Allí no había poca gente y el
ambiente era más popular, indumentarias más cómodas, ausencia de maquillajes o
menos subidos de tono, y comida. La gente se lleva comida porque tiene que
venir antes y porque, plebeyos como somos, no nos da vergüenza que nos vean
comer. Los emeritenses llanos ya se lo saben y aprovechan para verse todas las obras a
un precio asequible desde aquellas alturas. Muchos llevan prismáticos para
observar algún detalle y la mayoría un oportunísimo cojín, que es la envidia de
los advenedizos como nosotros. Yo, para obstaculizar la penetración de las
piedras en mi glúteo que sustentaba 95 kg , improvisé un
almohadillado con un tetrabrik de gazpacho que habíamos bebido y su
correspondiente bolsa de plástico. Gracias a este sencillo apaño esta vez no
guardo tanto recuerdo de las piedras. También me gusta sentir como el pueblo
llano que, expectante, miraba abajo como se acomodaban los patricios, y también oteaba a ver si reconocían alguno de
los muchos famosos que se dejan caer por el teatro en tan magnas ocasiones.
La obra que elegimos no era
propiamente teatro clásico de los clásicos, pero era más adecuada -si cabe- al
lugar: el Julio César de Shakespeare, y acertamos. El texto de la máxima garantía y los actores eran de primera:
algunos muy conocidos como Mario Gas,
Tristán Ulloa y Sergio Peris-Mencheta.
La representación empezó
emocionante pues el día estaba marcado por la tragedia del tren a Santiago de
Compostela y se invitó al público a guardar un minuto de silencio. Yo, que soy
de pueblo y no estoy acostumbrado a las multitudes, viendo a 2.000 personas en
pie y tan calladas, ya empecé a impresionarme.
La obra es magnífica. Trata del
poder y la manipulación política y sus reflexiones dan mucho juego a los
actores. Todos tienen el microfonillo y se oyen perfectamente sus inflexiones
de voz. Pero en un momento sucedió un pequeño hecho épico que aumentó la emoción: al
actor Peris-Mencheta se le estropeaba el micrófono en un monólogo de Marco Antonio, y le empezó a
salir eléctrico-tremolante, como de que con los disimulados movimientos de su mano
no se arreglaba, gritó furiosamente dos veces ¡Quítame el micro! ¡Quítame el
micro! Y se lo apagaron. Entonces el público aplaudió porque el actor siguió
recitando a voz en grito, llenando el espacio, y el público aún más callado, más
atento, más tenso…; resultó multiplicada la emoción. Cuando lo hubo acabado,
el público lo agradeció con otro aplauso, como si hubiera celebrado un solo de jazz.

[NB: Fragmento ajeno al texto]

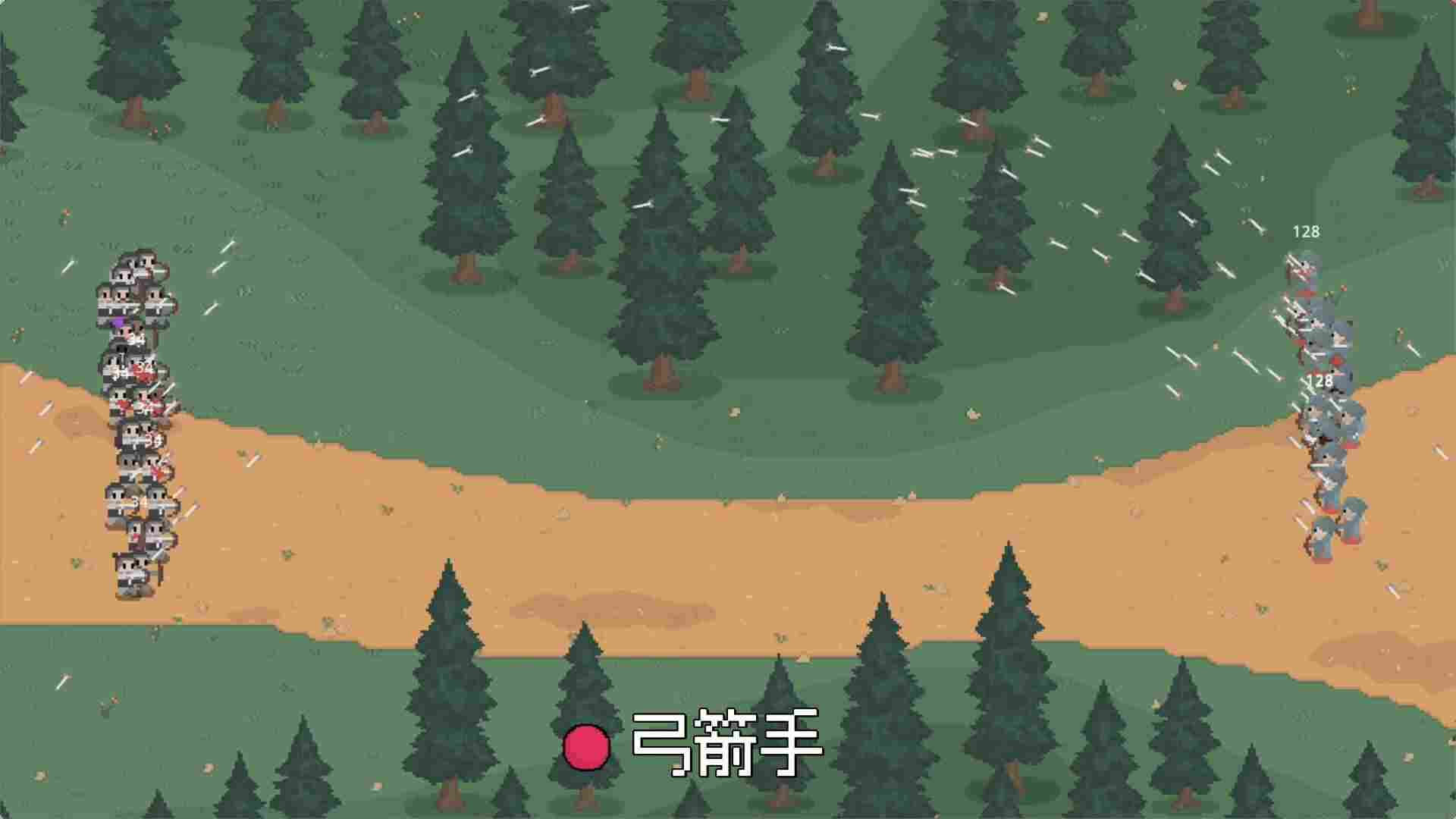 ޵ͼ2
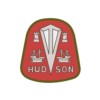 Hudson
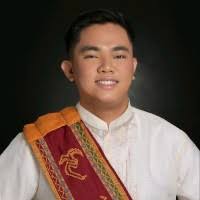 20+ "Rainer Paul" profiles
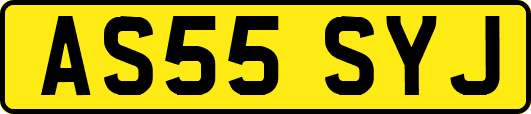 AS55SYJ
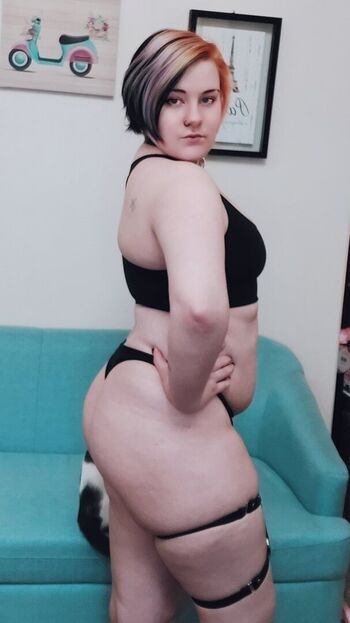 Full leaked Gardenerofeve private photo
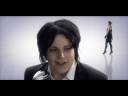 Alicia Keys & Jack White ~ Another way to die (James Bond, Quantum Of Solace.)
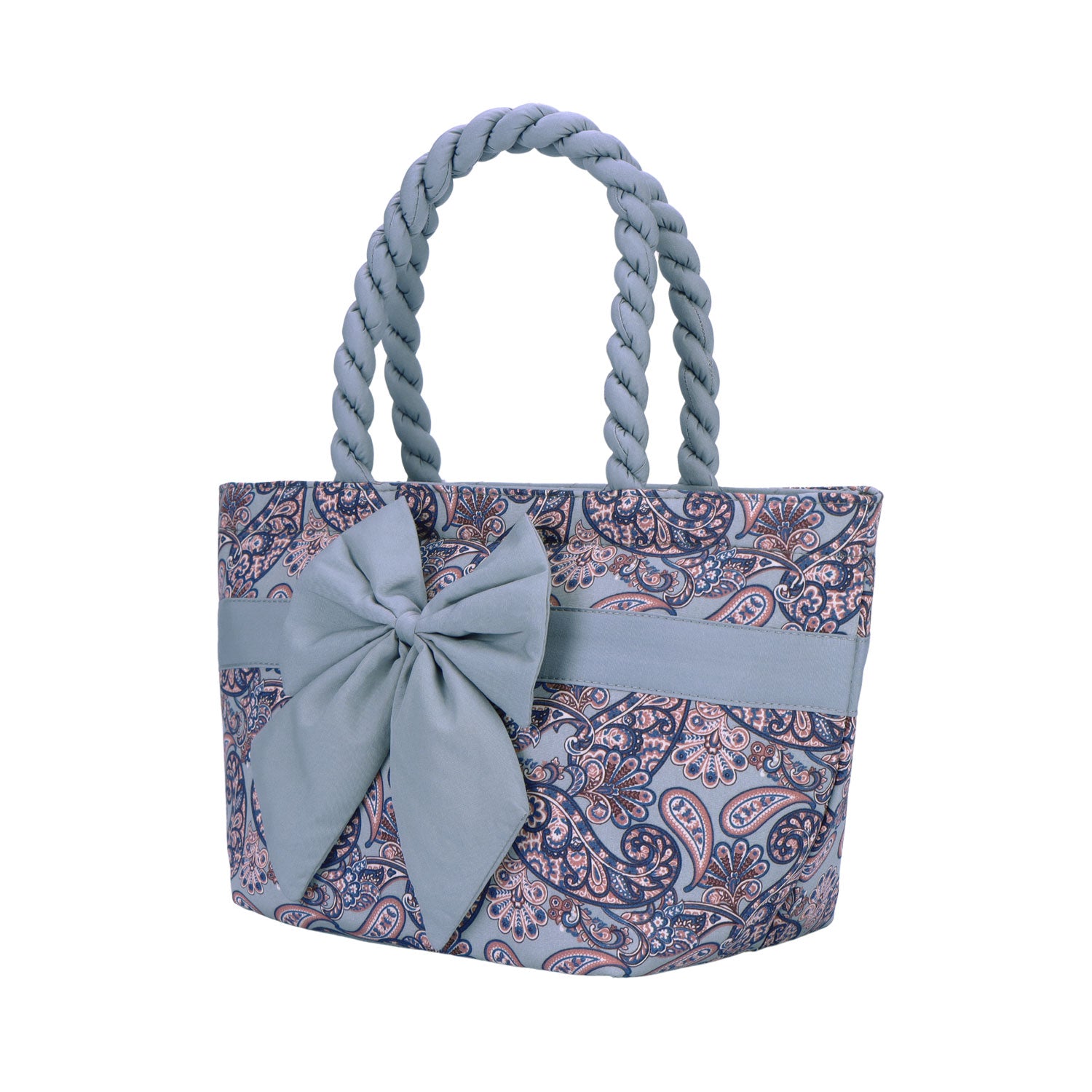 NaRaYa Handbag - NaRaYa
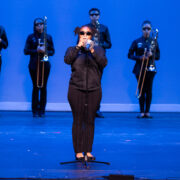 Shocphoto_2024PBH.Blackhistory_6945_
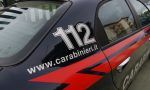 Cavenago, arrestato stalker 37enne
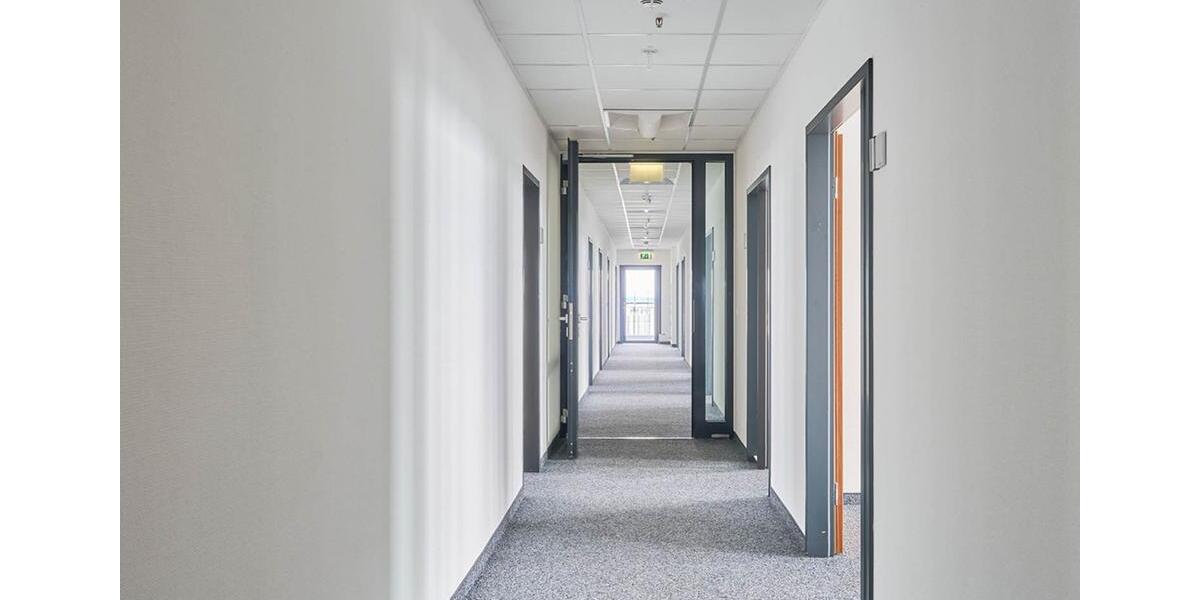 Gewerbeobjekt Frankfurt am Main Ostend - 12&euro; | Angebot:23811722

Para los que no lo sepan, fue un
gesto racial, muy torero. Cuando un torero es herido leve o grave pero se tiene en pie, aunque le
pueda costar una lesión se envalentona aún más y se empecina en acabar la faena y matar al toro. Es una cuestión
genital, el público se enardece y emociona con esa entrega sobrehumana, como
nos pasó con los gritos de Peris-Mencheta. Son cosas inexplicables racionalmente.
El montaje, con estética, música y
trajes contemporáneos, fue un éxito y los actores recompensados con estridentes aplausos. Todavía
hubo otro redoble emocional: el actor Tristán Ulloa, que debe ser gallego,
recibió una bandera de esa región con un crespón negro que enardeció de nuevo el
homenaje a la tragedia.
PD. Al terminar la representación bajamos a ver el teatro y sus pasadizos, y también cómo se veía desde localidades más caras.